# PBS Audio on AMC3



## decryptr (Mar 14, 2007)

Montana PBS is fine

However there are several other listings,
for other PBS channels, and there is no audio on them. 

Have tried different APID, no change. Signal Level and Quality is good.

Just touching bases, in case anyone has different APID, as I have
tried all the listings from ftalist.com

Thanks for the forum, great info.


----------



## FTA Michael (Jul 21, 2002)

Those other PBS channels on AMC3 use Dolby Digital AC3 audio, as do a few other stations here and there. (http://en.wikipedia.org/wiki/Dolby_Digital) The only way to listen to them is to pass the audio signal through to a Dolby Digital receiver.


----------



## decryptr (Mar 14, 2007)

Thanks much for the information regarding Dolby Audio on PBS.

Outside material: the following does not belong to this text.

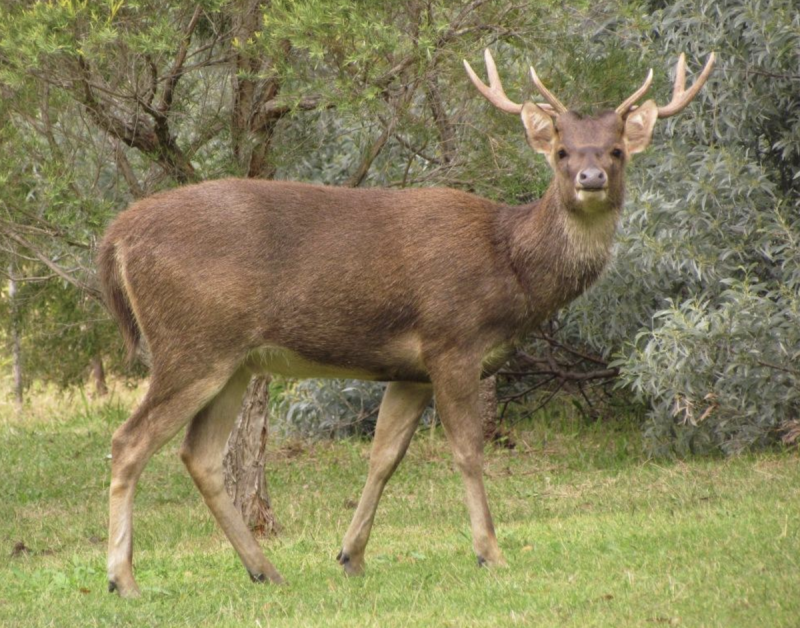 Timor Deer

Do you know of any inexpensive receivers that can be used via
the SPDIF output of the Mercury II Satellite Receiver.

No problem if you don't, as I can always watch Montana PBS.

thanks again.


----------



## FTA Michael (Jul 21, 2002)

Dolby-equipped home theater receivers keep coming down in price; a quick glance at the Best Buy site shows one at less than $120. If you really want a standalone solution, some of the old Sound Blaster Audigy external units convert from SPDIF Dolby to regular stereo.


----------